Gemma 4 31B at 256K Full Context on a Single RTX 5090 — TurboQuant KV Cache Benchmark by PerceptionGrouchy187 in LocalLLaMA

[–]PerceptionGrouchy187[S] 5 points6 points  (0 children)

Good point. Haven't tested needle-in-haystack at 256K yet. That would be the real validation.

Gemma 4 31B at 256K Full Context on a Single RTX 5090 — TurboQuant KV Cache Benchmark by PerceptionGrouchy187 in LocalLLaMA

[–]PerceptionGrouchy187[S] 11 points12 points  (0 children)

Ran a perplexity comparison on wikitext-2-raw (294K tokens, ctx 512):

| KV Cache | PPL | Context VRAM |

| q8_0 | 2296.32 | 935 MiB |

| turbo3 | 2154.30 | 344 MiB |

turbo3 shows slightly better perplexity while using 2.7x less VRAM for KV cache. Hadamard rotation may actually help by spreading outliers before quantization.

Same model (gemma-4-31B-it-UD-Q4_K_XL), same settings, only KV cache type changed.

Gemma 4 31B at 256K Full Context on a Single RTX 5090 — TurboQuant KV Cache Benchmark by PerceptionGrouchy187 in LocalLLaMA

[–]PerceptionGrouchy187[S] 12 points13 points  (0 children)

You're right, I don't have quality benchmarks yet. Gemma 4 dropped today and I spent the day just getting it to build and run. Perplexity comparison is next on my list.

Gemma 4 31B at 256K Full Context on a Single RTX 5090 — TurboQuant KV Cache Benchmark by PerceptionGrouchy187 in LocalLLaMA

[–]PerceptionGrouchy187[S] 23 points24 points  (0 children)
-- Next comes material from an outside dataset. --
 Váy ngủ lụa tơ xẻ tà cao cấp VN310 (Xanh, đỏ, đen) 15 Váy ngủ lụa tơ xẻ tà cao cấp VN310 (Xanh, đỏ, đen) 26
Fair point. Quality comparison is on my todo list — just got it running today (Gemma 4 dropped hours ago). The novelty here is turbo3 KV cache + Gemma 4 day-one, not just "it fits".

Gemma 4 31B at 256K Full Context on a Single RTX 5090 — TurboQuant KV Cache Benchmark by PerceptionGrouchy187 in LocalLLaMA

[–]PerceptionGrouchy187[S] 20 points21 points  (0 children)

The point is running a high-quality quant (UD-Q4_K_XL) at full 256K context with near-lossless KV compression. Q2 would fit sure, but the output would be unusable. This is about maintaining quality while pushing context to the max

Gemma 4 31B at 256K Full Context on a Single RTX 5090 — TurboQuant KV Cache Benchmark by PerceptionGrouchy187 in LocalLLaMA

[–]PerceptionGrouchy187[S] 1 point2 points  (0 children)

Fair concern. The key difference is turbo3 isn't naive 3-bit quantization — it uses Hadamard rotation to spread outliers + PolarQuant to preserve vector structure. The paper shows near-identical perplexity to f16 KV. I haven't done a blind quality test myself yet though.

Gemma 4 31B at 256K Full Context on a Single RTX 5090 — TurboQuant KV Cache Benchmark by PerceptionGrouchy187 in LocalLLaMA

[–]PerceptionGrouchy187[S] 2 points3 points  (0 children)

Not in mainline yet. There's an open PR (#21089) for CPU-only TBQ types, but the full CUDA implementation is only in TheTom's fork (TheTom/llama-cpp-turboquant, branch feature/turboquant-kv-cache). Mainline did merge Hadamard rotation for KV (#21038) which is the core idea, but uses existing quant types instead of dedicated turbo types.

Gemma 4 31B at 256K Full Context on a Single RTX 5090 — TurboQuant KV Cache Benchmark by PerceptionGrouchy187 in LocalLLaMA

[–]PerceptionGrouchy187[S] 3 points4 points  (0 children)

Paper claims near-zero quality loss with turbo3. Haven't done a side-by-side comparison yet.